I have a similar college situation, although they aren't fussing over it - or at least they haven't mentioned it to me.  A small private college has bought some 15 or more new Yamaha P22s as well as 4 Yamaha grands over the past 5 years and never once have they devoted any money to tuning the P22s in the practice rooms or classrooms.  If I didn't know any better, I'd say the dealer never even tuned them.  The neglected new pianos are now at least 50 cents low and if they ever do decide to spend the money to tune them, it will be a big catch up job.

Jeff Tanner
  ----- Original Message ----- 
  From: Diane Hofstetter 
  To: College and University Technicians 
  Sent: Wednesday, February 18, 2009 7:51 AM
  Subject: [CAUT] How long to stabilize??

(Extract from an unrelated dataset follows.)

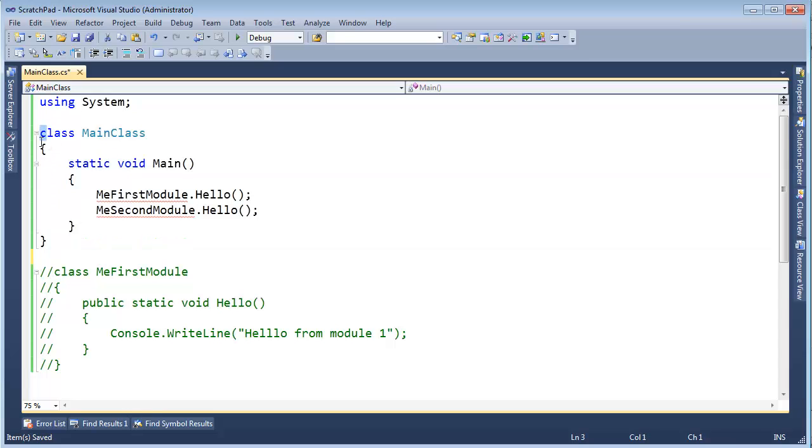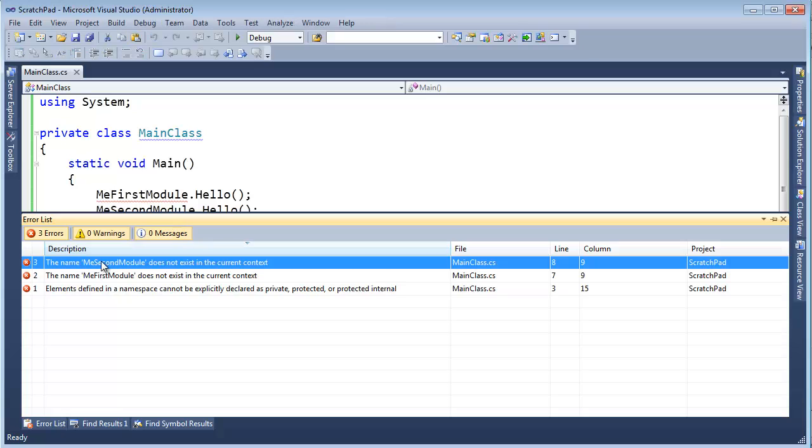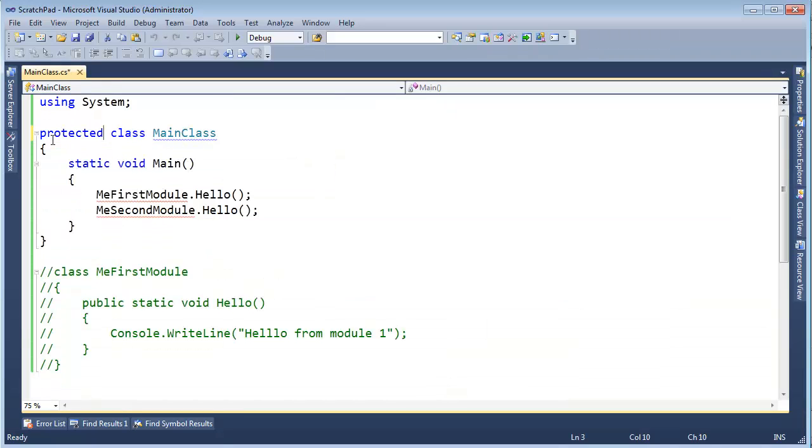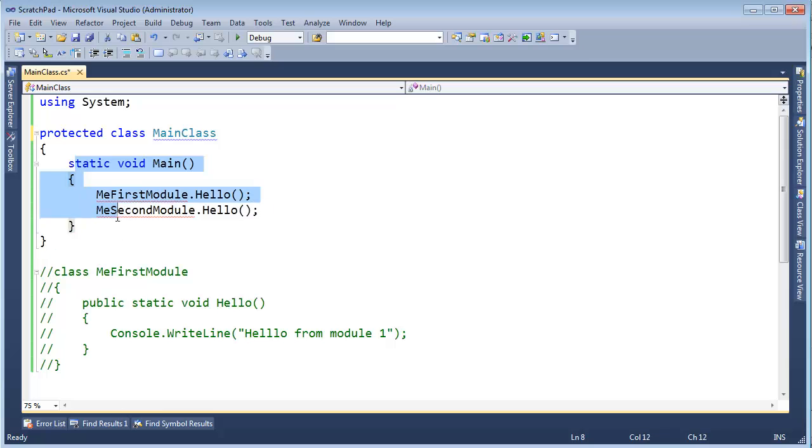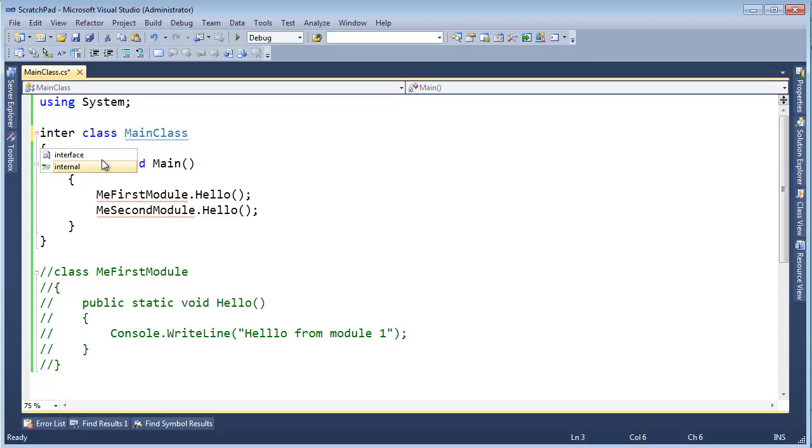The default is internal. Okay I cannot say private. In fact if I try to say private, let's just say private, build this and say hey elements defined in a namespace cannot be explicitly declared as private, protected or internal. If I put protected out here, well hopefully that just doesn't make any sense. It's protected. We're not even, even if I could inherit from it, I inherit stuff in here, I don't inherit stuff out here. So protected doesn't make any sense. The only ones that do are public and internal and the default is internal.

  I know many of you have written in the past about the problems with tuning stability in brand new loaner pianos from manufacturers.  Fortunately the college where I am tuning has purchased these pianos, so they won't disappear just when we get them settled in.
   
  However, my question is this; in a practice room in a small college, how long, or how many tunings do you think it will take for the school's new Kawai UST-9's  to stabilize in tuning? 
   
   The pianos were  delivered directly to the college from the warehouse and uncrated there.  Before that they spent two days in the truck. It was snowing outside.  
   
  They have Dampp Chaser heating rods and HD humidistats installed, but my data logger, which was in their new Boesendorfer between December 4 and February 4, showed nothing but too dry.  Every time I have tuned in the practice rooms, my humidity gauge reads 36-38% RH.  I do expect the humidity to go up to around 60% in the spring.
   
  Each piano has received one pitch adjustment--usually pitch raises, but two of them took lowering--and one tuning since the beginning of February when they were delivered.  Already I want to tune a couple of them again, but this is not in the budget or mindset of either the store that sent me out or the college who now owns the pianos.  They all think the tunings should be stable already.
   
  Experienced opinions gratefully received!